■ About this task ■
Transcribe the entries below word for word, beginning at the line with "Vintage black tinsel" and stopping after the line with "Capture a close-up"; drop all pictures.

(Dataset excerpts)
■ ■ ■
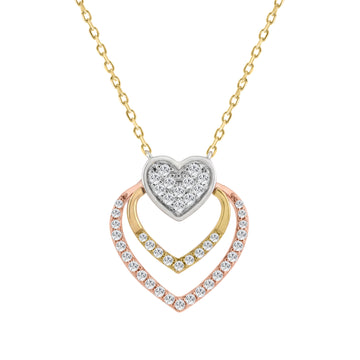 10K WHITE/YELLOW/ROSE  GOLD LADIES FASHION HEART SHAPE PENDANT INCLUDES WITH CHAIN  0.25CT ROUND NATURAL DIAMOND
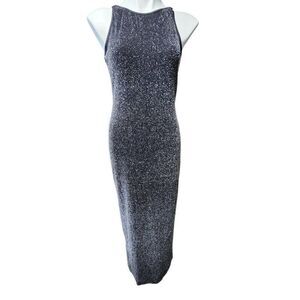 Vintage black tinsel Bodycon tank long dress silver shimmer medium USA  Y2K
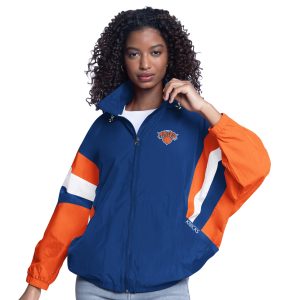 G III Sports by Carl Banks New York Knicks Dashing Women's Blue/Orange Game News Oversized Full Zip Hoodie Jacket Collectors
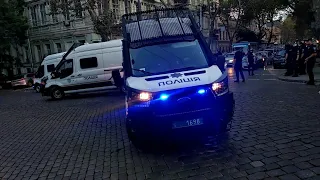 Massive riot police responding during protests in Odesa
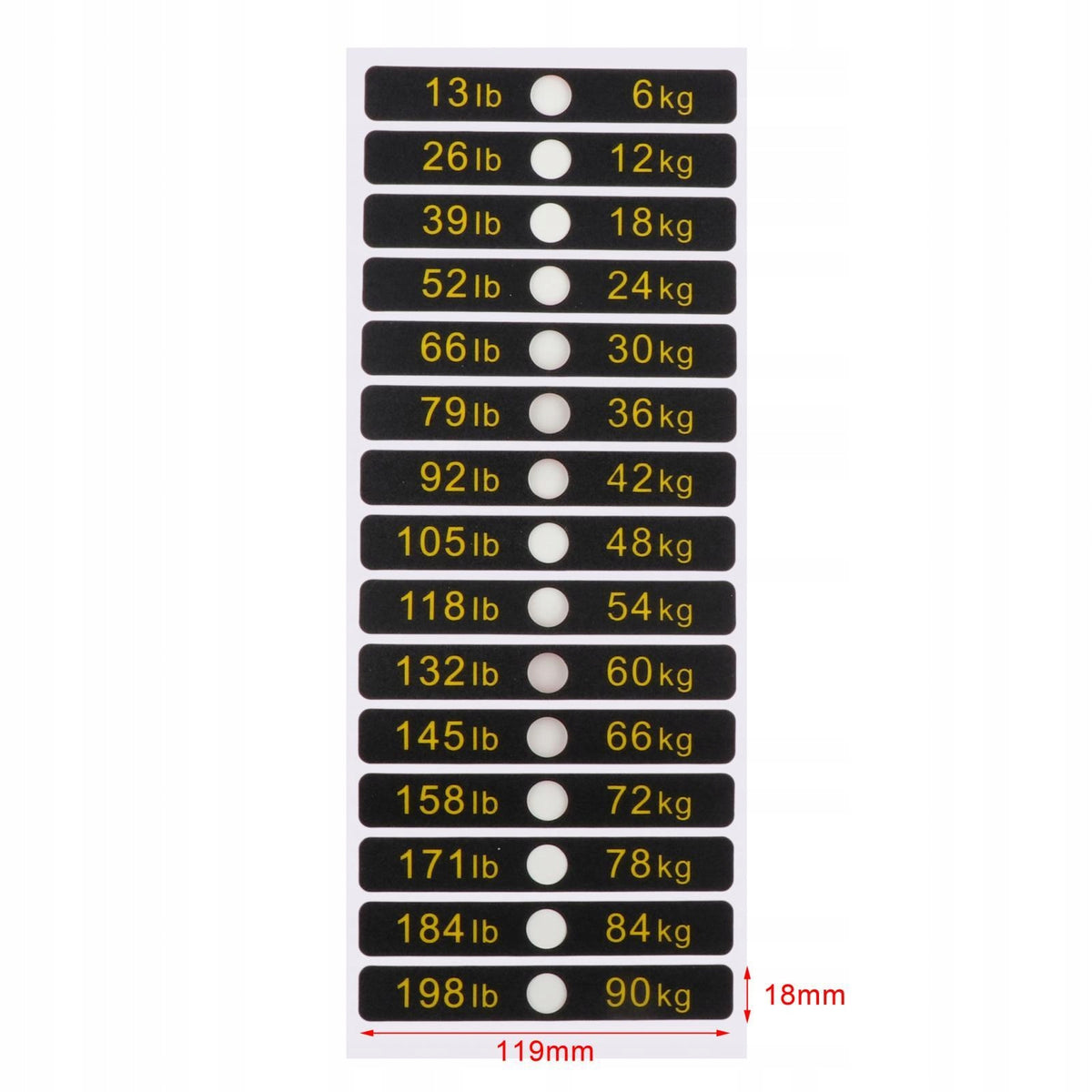 Weight Stack Labels, Weight Number Stickers, Lbs, Weight Block Label Packaging status original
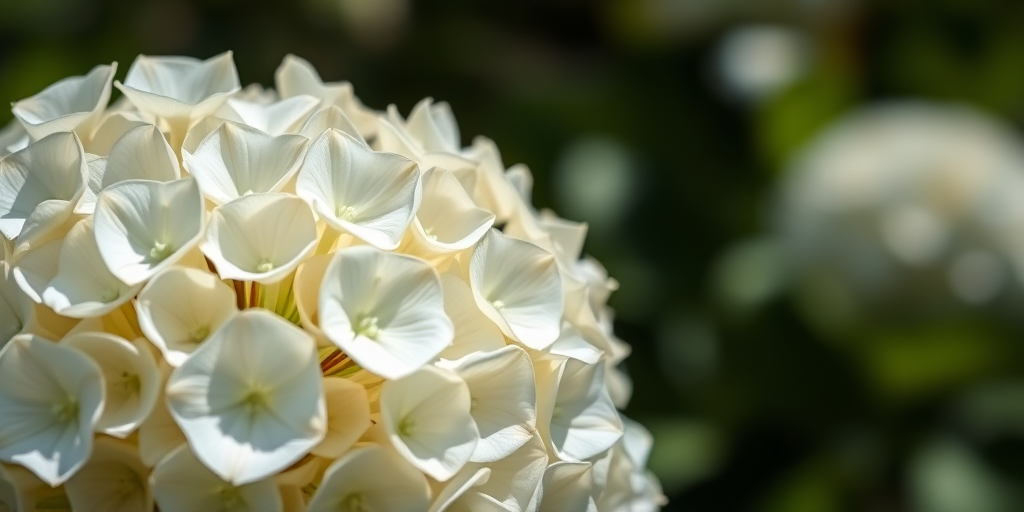 Capture a close-up of a white hydrangea flower cluster with a shallow depth of field, using a DSLR camera, aperture f/2.8, ISO 100, 50mm lens, and natural soft sunlight for enhanced detail and color vibrancy.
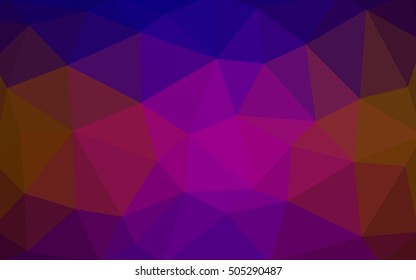 Dark blue, red polygonal illustration, which consist of triangles. Triangular design for your business. Geometric background in Origami style with gradient.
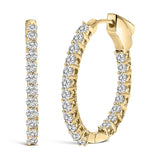 14K Gold 1.0 Cttw Oval Lab Grown Diamond Hoop Earrings-2 thumbnail 3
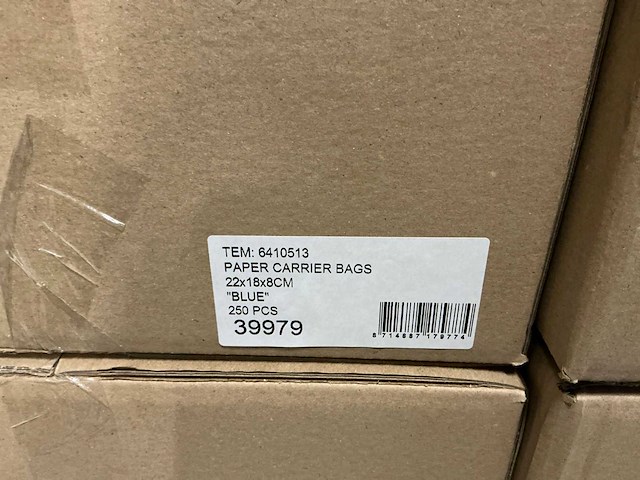 Partij paper carrier bags 22x18x8cm blue (6000x) - afbeelding 7 van  7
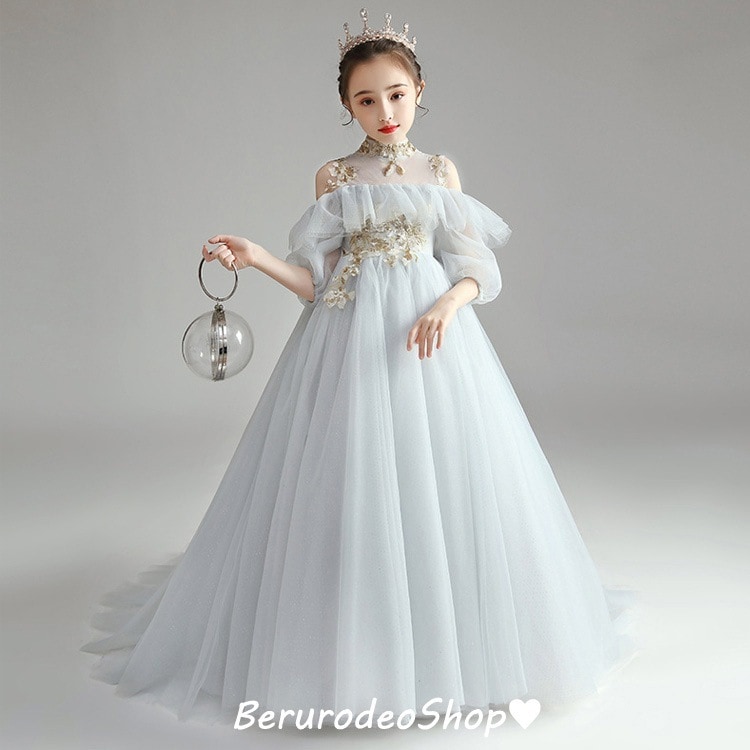 子供ドレス ピアノ発表会 グレー ロングドレス 女児ドレス 立ち襟 オフショルダー 女の子ドレス 肩出し キッズドレス 演奏会ドレス トレーンドレス チュール フォーマル 100 110 120 13
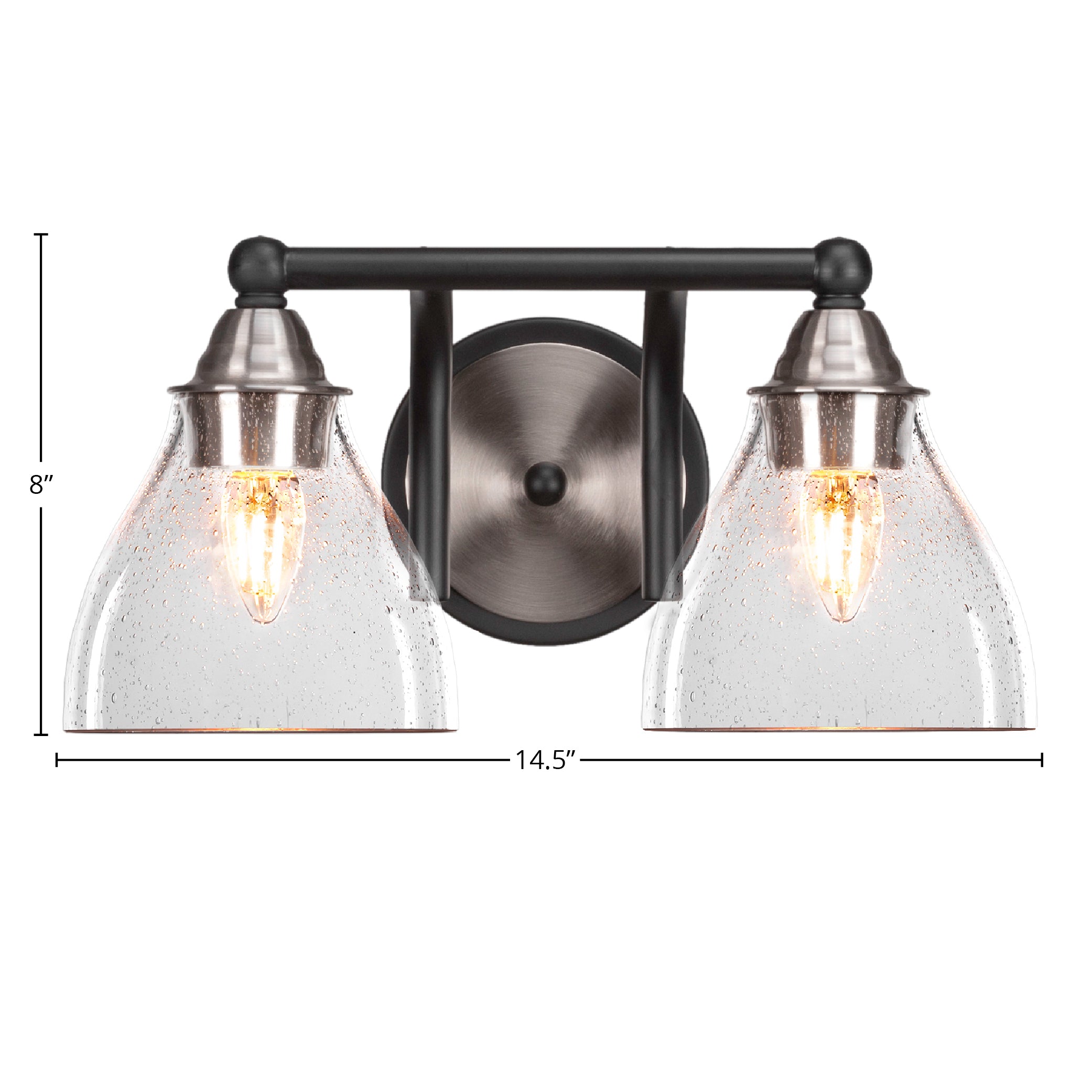 Paramount Two Light Bath Bar in Matte Black & Brushed Nickel with 6.25" Clear Bubble Shade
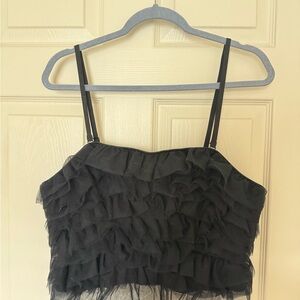 a new day Black Ruffled Camisole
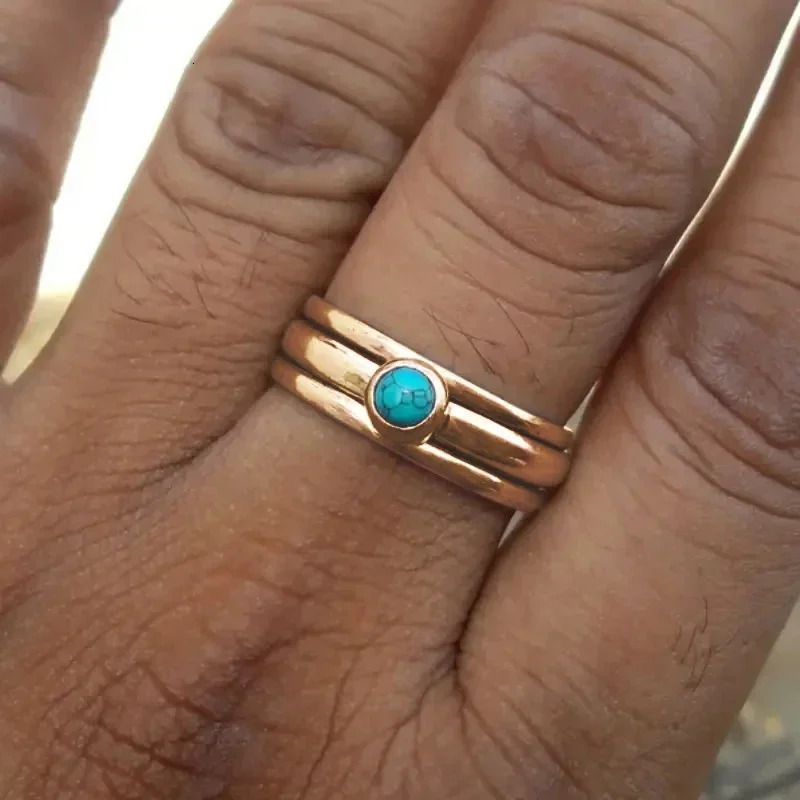 Bohemian Style Turquoise Womens Ring Ethnic Holiday Party Aesthetics Finger Accessories Hanging Boat Jewelry 241010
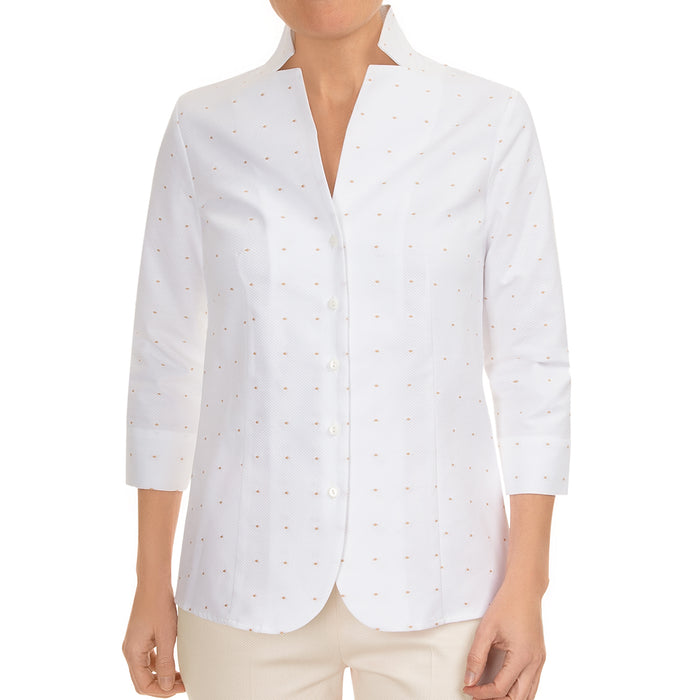 White Pique Notch Collar Shirt with Marble Dots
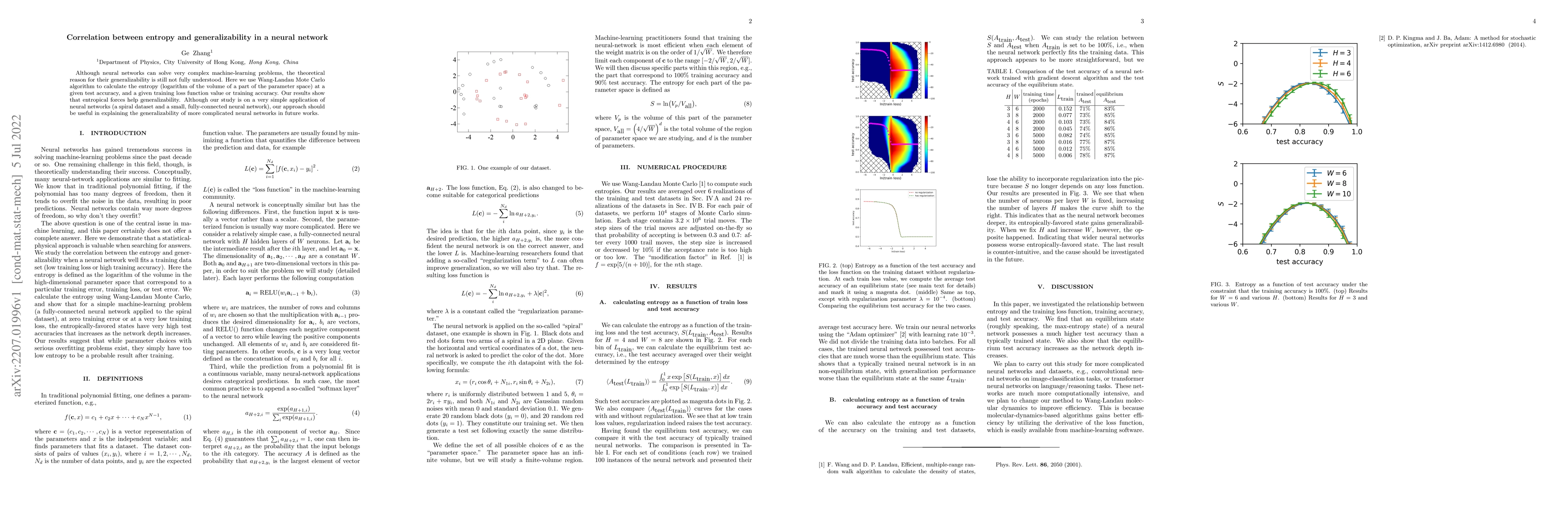 Thumbnail for Correlation between entropy and generalizability in a neural network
■ ■ ■
■ Task answer ■
 Vintage black tinsel Bodycon tank long dress silver shimmer medium USA  Y2K
 G III Sports by Carl Banks New York Knicks Dashing Women's Blue/Orange Game News Oversized Full Zip Hoodie Jacket Collectors
 Massive riot police responding during protests in Odesa
 Weight Stack Labels, Weight Number Stickers, Lbs, Weight Block Label Packaging status original
 Capture a close-up of a white hydrangea flower cluster with a shallow depth of field, using a DSLR camera, aperture f/2.8, ISO 100, 50mm lens, and natural soft sunlight for enhanced detail and color vibrancy.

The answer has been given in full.